# Aim of the task
All lines from the one with "For sale of house in Adra" through the final line below are to be reproduced exactly; omit the others.

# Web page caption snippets
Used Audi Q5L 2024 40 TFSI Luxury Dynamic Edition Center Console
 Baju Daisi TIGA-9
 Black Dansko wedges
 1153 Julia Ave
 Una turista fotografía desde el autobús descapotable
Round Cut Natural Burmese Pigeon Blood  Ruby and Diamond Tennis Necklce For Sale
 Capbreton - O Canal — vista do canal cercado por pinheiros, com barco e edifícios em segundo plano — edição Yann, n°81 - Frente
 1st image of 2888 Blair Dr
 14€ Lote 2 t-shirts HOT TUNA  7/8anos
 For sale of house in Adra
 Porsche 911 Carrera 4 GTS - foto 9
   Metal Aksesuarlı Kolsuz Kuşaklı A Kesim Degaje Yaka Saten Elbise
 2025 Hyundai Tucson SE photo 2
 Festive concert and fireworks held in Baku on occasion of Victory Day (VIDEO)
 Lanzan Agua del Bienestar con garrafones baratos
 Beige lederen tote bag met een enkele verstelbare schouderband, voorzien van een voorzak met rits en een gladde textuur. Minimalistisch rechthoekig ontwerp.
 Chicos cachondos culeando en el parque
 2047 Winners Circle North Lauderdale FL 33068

# Problem solution
 For sale of house in Adra
 Porsche 911 Carrera 4 GTS - foto 9
   Metal Aksesuarlı Kolsuz Kuşaklı A Kesim Degaje Yaka Saten Elbise
 2025 Hyundai Tucson SE photo 2
 Festive concert and fireworks held in Baku on occasion of Victory Day (VIDEO)
 Lanzan Agua del Bienestar con garrafones baratos
 Beige lederen tote bag met een enkele verstelbare schouderband, voorzien van een voorzak met rits en een gladde textuur. Minimalistisch rechthoekig ontwerp.
 Chicos cachondos culeando en el parque
 2047 Winners Circle North Lauderdale FL 33068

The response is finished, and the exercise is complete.